= Samantha Scharff =

Television producer

Samantha Scharff is an American television producer and comedy writer. She is most recognized for her work producing Robert Smigel's "TV Funhouse" cartoons on NBC's “Saturday Night Live”. Scharff also produced the hour and a half special The Best Of Saturday TV Funhouse which aired during the SNL time slot and received critical acclaim, as well as the DVD title for Universal Home Video.

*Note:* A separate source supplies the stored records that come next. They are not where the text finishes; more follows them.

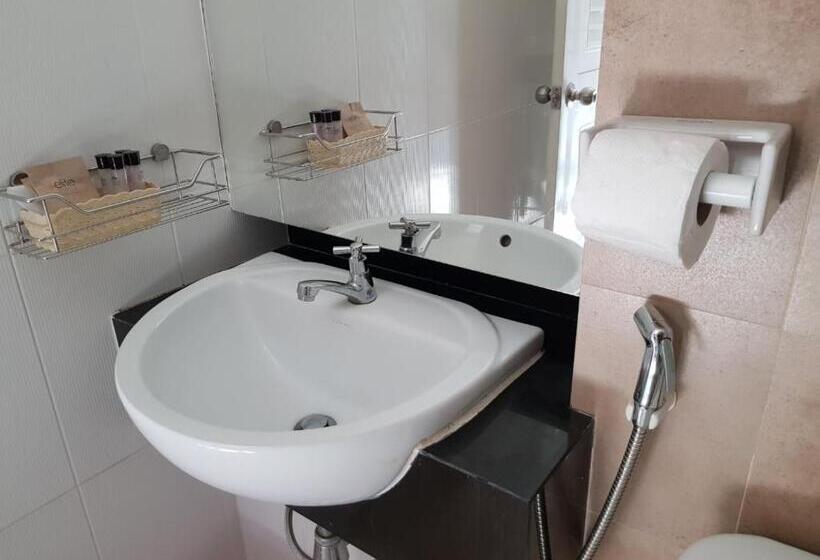 בית מלון כפרי Elite Residence Phitsanulok Sha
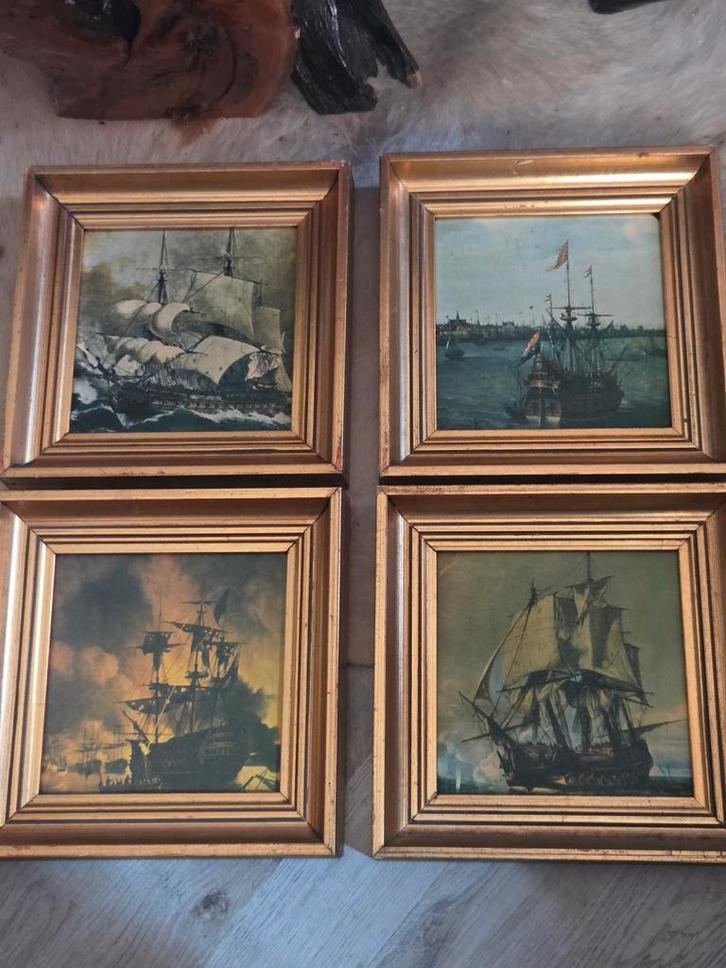 Vier Schilderijen met afbeeldingen Scheepsmotieven, Antiek en Kunst, Kunst | Schilderijen | Klassiek, Ophalen of Verzenden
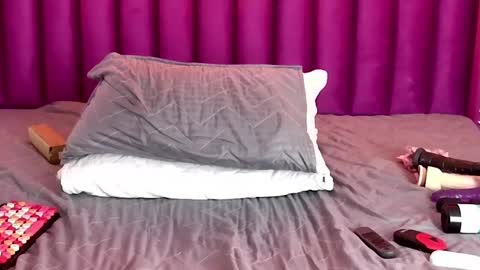 Snapshot of playfuljust_18 chatting on 03/09/25, 11:03 SAMARA online show from 03/09/25, 11:03
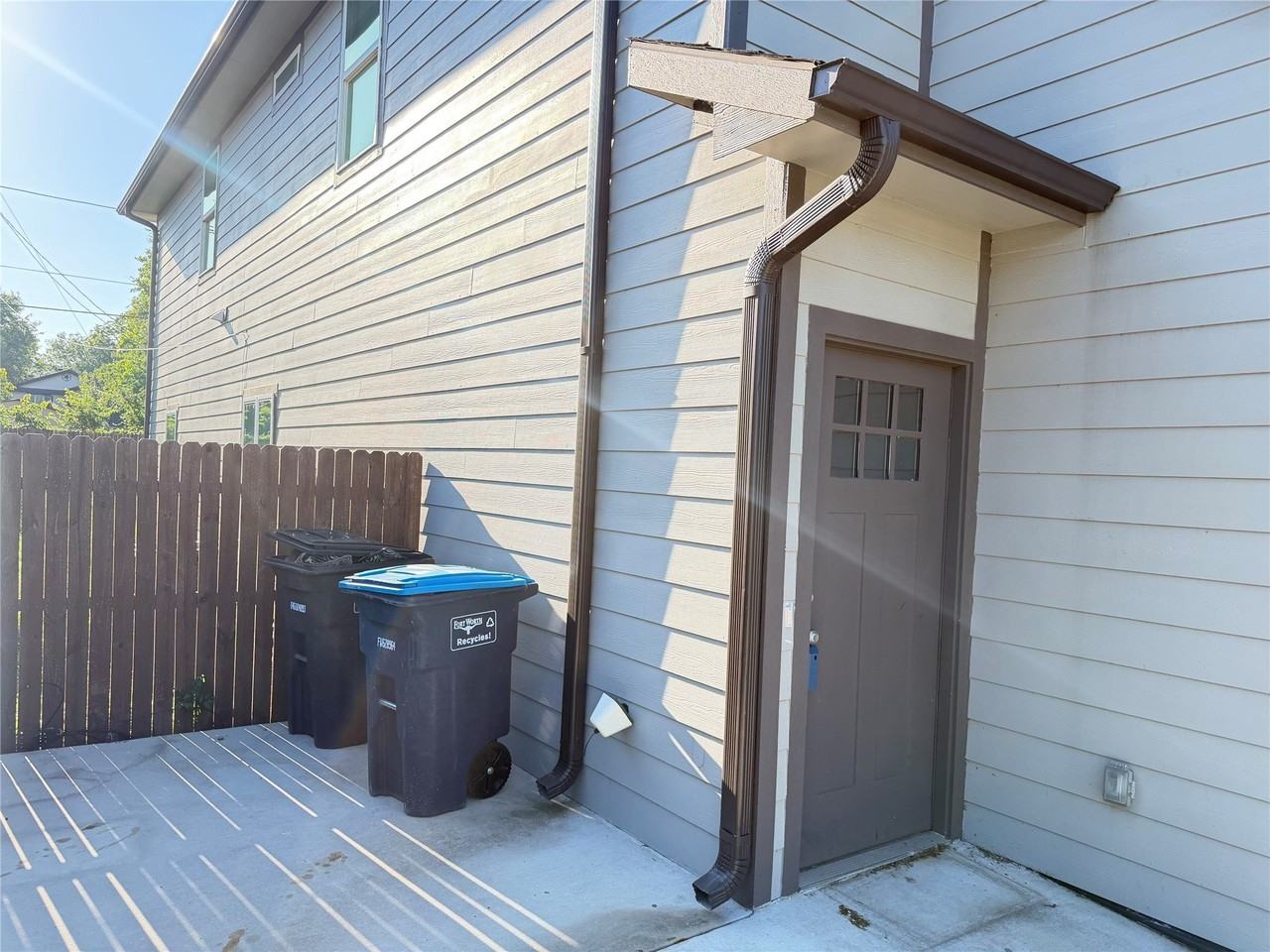 3445 Frazier Ave - Photo 2 of 16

Scharff was responsible for bringing Stephen Colbert’s character Tek Jansen to life and produced the animated segments for “The Colbert Report” on Comedy Central. She produced Robert Smigel’s “TV Funhouse” series, which also aired on Comedy Central. She was the executive producer and writer for Stage Z, a 24-hour online event for Barry Diller’s IAC in collaboration with Live Earth 2007 which included eco segments with comedians such as Tina Fey, Amy Poehler, and more. Scharff was also the vision behind the animated PSA’s for Norman Lear’s Declare Yourself. She created and produced these videos for the “Get Out The Vote” campaign. They can be found on the web titled "Skool House Rock The Vote" and "Skool House Rock Sticker".

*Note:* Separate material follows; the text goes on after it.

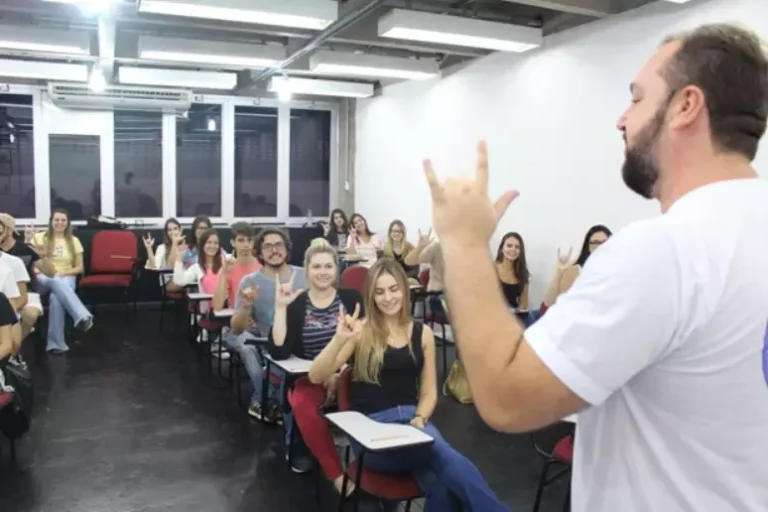 OBRIGATÓRIO – Deputado de RO quer LIBRAS no ensino superior 14 OBRIGATÓRIO – Deputado de RO quer LIBRAS no ensino superior
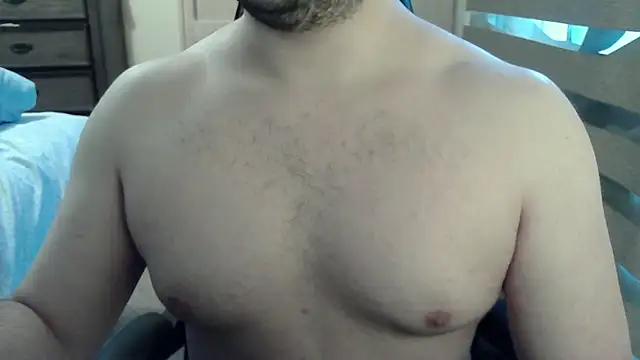 Snapshot of Himbo_fox chatting on 05-19-26, 01:10 Himbo fox online show from 05-19-26, 01:10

Presently, Scharff is the executive producer, creator, and writer for The Monkey Factory, an animated pilot for 20th Century FOX Studios featuring Kristen Wiig, Paul Scheer, Casey Wilson, Jason Nash, as an ensemble cast. Other work for FOX includes “Animals” which she produced for Robert Smigel and Happy Madison Productions, as well as a pilot Samantha is currently producing starring Kristen Bell titled “Maggie”.